The American Lung Association opposes the construction of all new biomass facilities, not distinguishing between power or thermal — recognizing that all smokestacks emit air pollution which is inhaled by human beings.
Industry Smokescreen
In 2010, Biomass Magazine, “the world’s leading biomass industry trade publication,” changed its name to Biomass Power and Thermal. Was the purpose of this rebranding to point out the entire range of the industry? Or was it to highlight the new, environmentalist-endorsed “green” thermal component of the business?
Upon first glance, groups such as the Biomass Thermal Energy Council (BTEC), Sustainable Northwest, andNorthern Forest Center appear to distance themselves from “old school” organizations such as the Biomass Power Association, by advocating for biomass thermal facilities. Yet a clue to their intentions is the fact that nowhere in their websites, press releases, or sign on letters to government agencies is there any opposition to the construction of 25% efficient power stations.

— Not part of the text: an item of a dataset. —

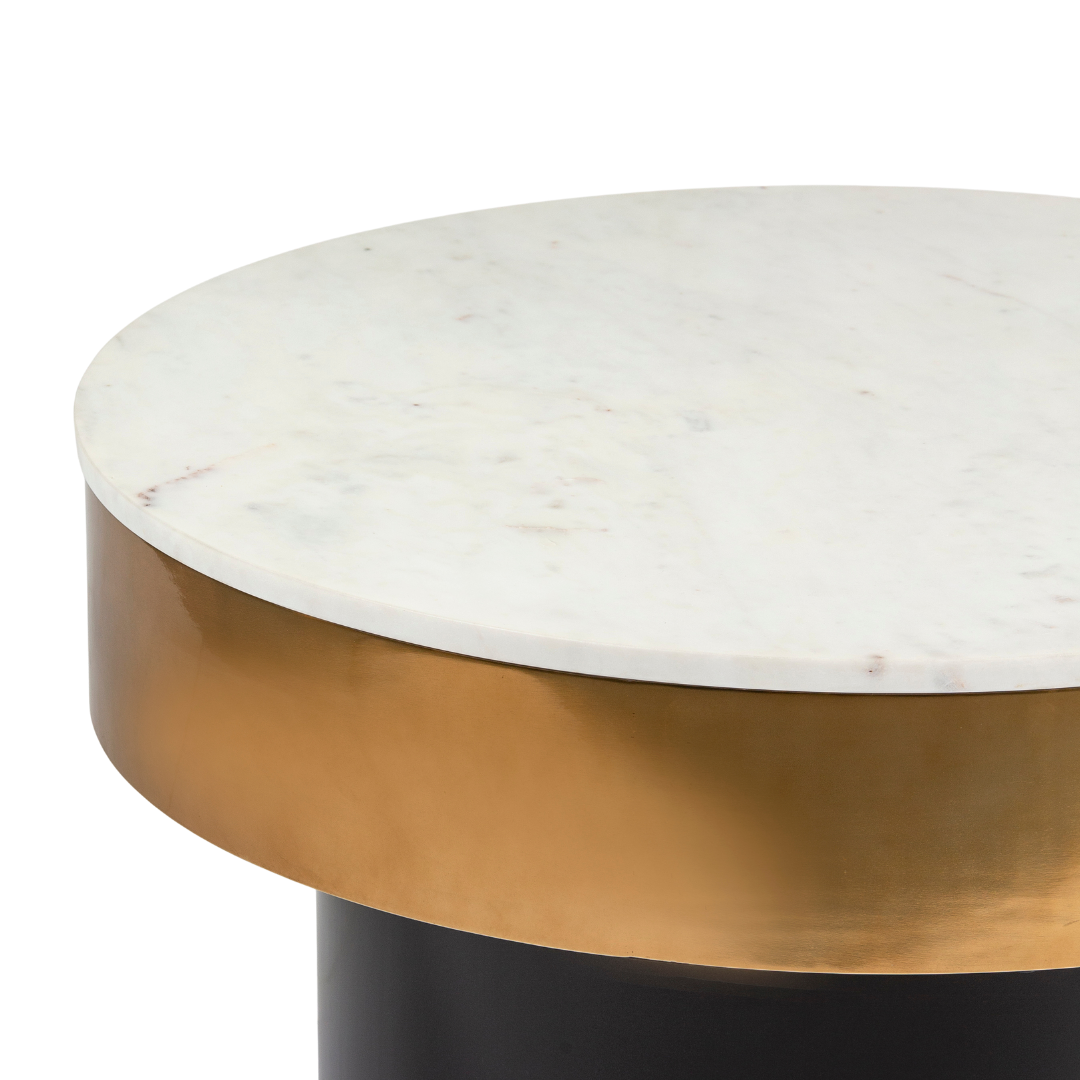 Avo Coffee Table with a luxurious white marble top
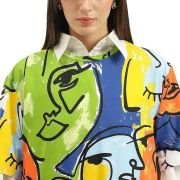 United Colors of Benetton Round Neck Printed Dress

In October 2013, the Northern Forest Center and Sustainable Northwest teamed up to send a sign on letter to President Obama, Congressional leaders, and federal agency heads asking for “broad support for biomass thermal policy,” and “specific support” for three pieces of policy: the Biomass Thermal Utilization Act, the Woody Biomass Utilization grant program, and the Community Wood Energy program, included in the Farm Bill.
While the Biomass Thermal Utilization Act relates exclusively to biomass thermal, both the Woody Biomass Utilization grant program and the Community Wood Energy program advocate for biomass power facilities, in addition to biomass thermal facilities.
According to the USDA Forest Service, the Woody Biomass Utilization grant program funds the generation of “green energy for heating and electricity,” while the Community Wood Energy program can finance “electric power production.”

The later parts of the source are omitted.